Thanks for all the help!  I have about 70 4548's and this is the first time anything like this has ever happened.

Offline dstegall

  • Rookie
  • **
  • Posts: 18
Re: Avaya 4548GT unresponsive - why?
« Reply #3 on: May 23, 2013, 06:42:41 PM »
Also, I'd be interested in how any of you more experienced folks would have handled this.  What would you have done?  What commands would you use to ascertain the problem? 

Offline cacids

  • Rookie
  • **
  • Posts: 21
Re: Avaya 4548GT unresponsive - why?
« Reply #4 on: May 23, 2013, 09:44:07 PM »
hi dstegall,

I wouldn't be surprised if nortel logs are not displaying any helpful information. Long time back, there was issue with our nortel, it didn't generate any alerts but the neighbor device Cisco generated alert that nortel is down. I think you did right thing by rebooting and that's the most common remedy for nortel devices. However, it's a good idea to list current software version in a spread sheet, study released notes and suggestion by Michael. List out the current software bugs and upgrade it to the latest version. Then, you can raise potential risk based on current firmware to management and ask them if they can allow upgrade or not. This will not guarantee to occur this kind of issue again but might add some relief from existing software bugs.  :D

We are having v5.5 and here is the release notes [check out what they have fixed in v5.3] but I am sure latest version should be around.
http://downloads.avaya.com/css/P8/documents/100136935


Update: Out of interest, they have release v5.6 and it looks good. check out this release notes and presentation
http://downloads.avaya.com/css/P8/documents/100153547

www.catalysttelecom.com/medialibrary/.../avaya/avaya-ers_4800_v5.ppt‎



cheers,
« Last Edit: May 23, 2013, 10:04:30 PM by cacids »

Offline Johan Witters

  • Sr. Member
  • ****
  • Posts: 252
    • BKM Networks
Re: Avaya 4548GT unresponsive - why?
« Reply #5 on: May 27, 2013, 07:18:04 AM »
As the serial connection gave no sign of life, it sounds like the control process died..

You might want to try the "show system last exception unit all" to look if the unit registered a software exception.
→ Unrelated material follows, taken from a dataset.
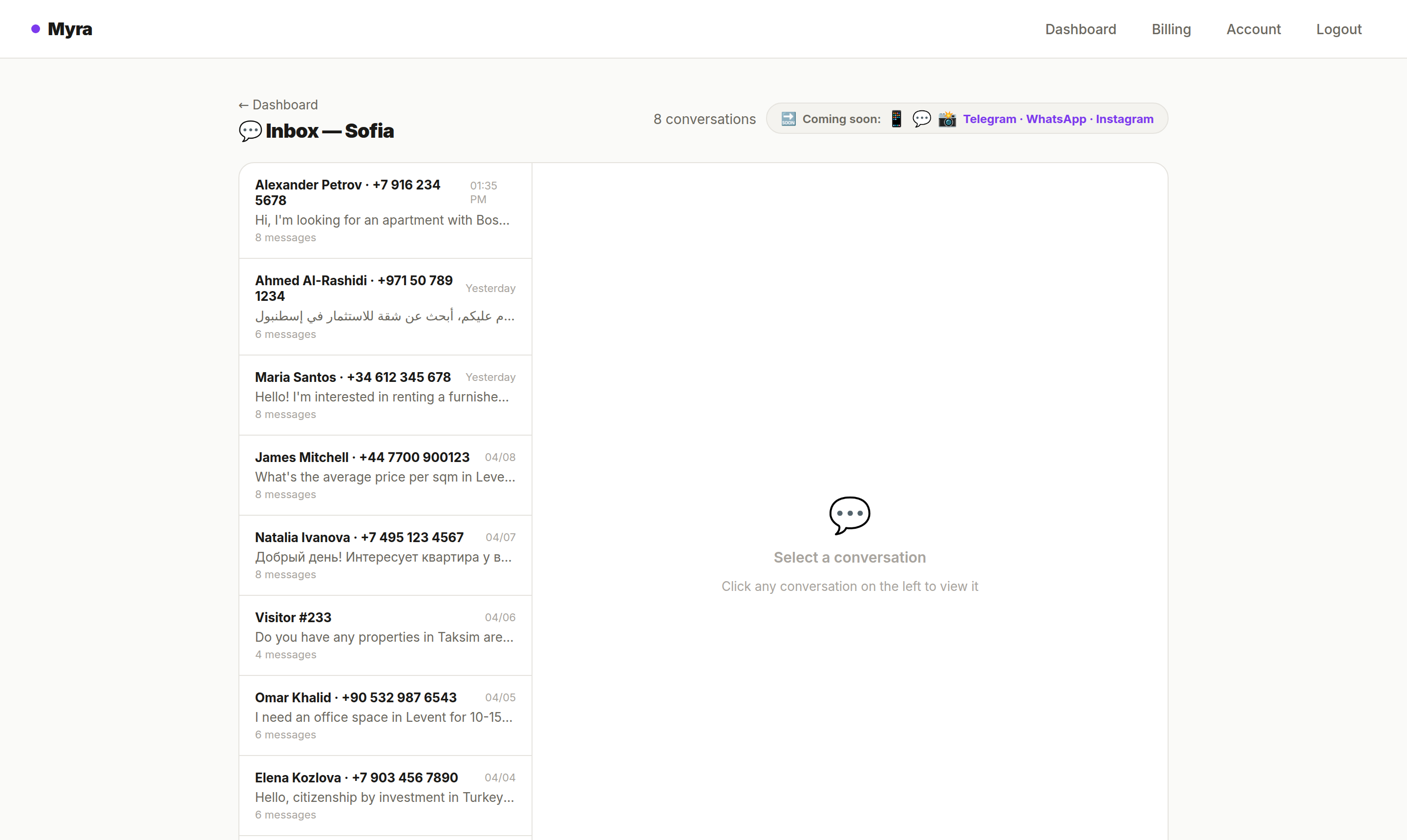 Myra inbox showing conversation history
It's possible the switch doesn't accept the command on the release you are running though..

I'm afraid the stack reboot will have cleared most of the logging, but you can always check if something was recorded in NVRAM
Kind regards,

Johan Witters

Network Engineer
BKM NV

Offline dstegall

  • Rookie
  • **
  • Posts: 18
Re: Avaya 4548GT unresponsive - why?
« Reply #6 on: June 07, 2013, 12:54:17 PM »
Thanks everyone for the replies.  I haven't been able to determine the cause, but thankfully the problem has not returned.  While I'd very much like to know what caused it, I'm ok with it being a one-off thing that I'll unlikely see again.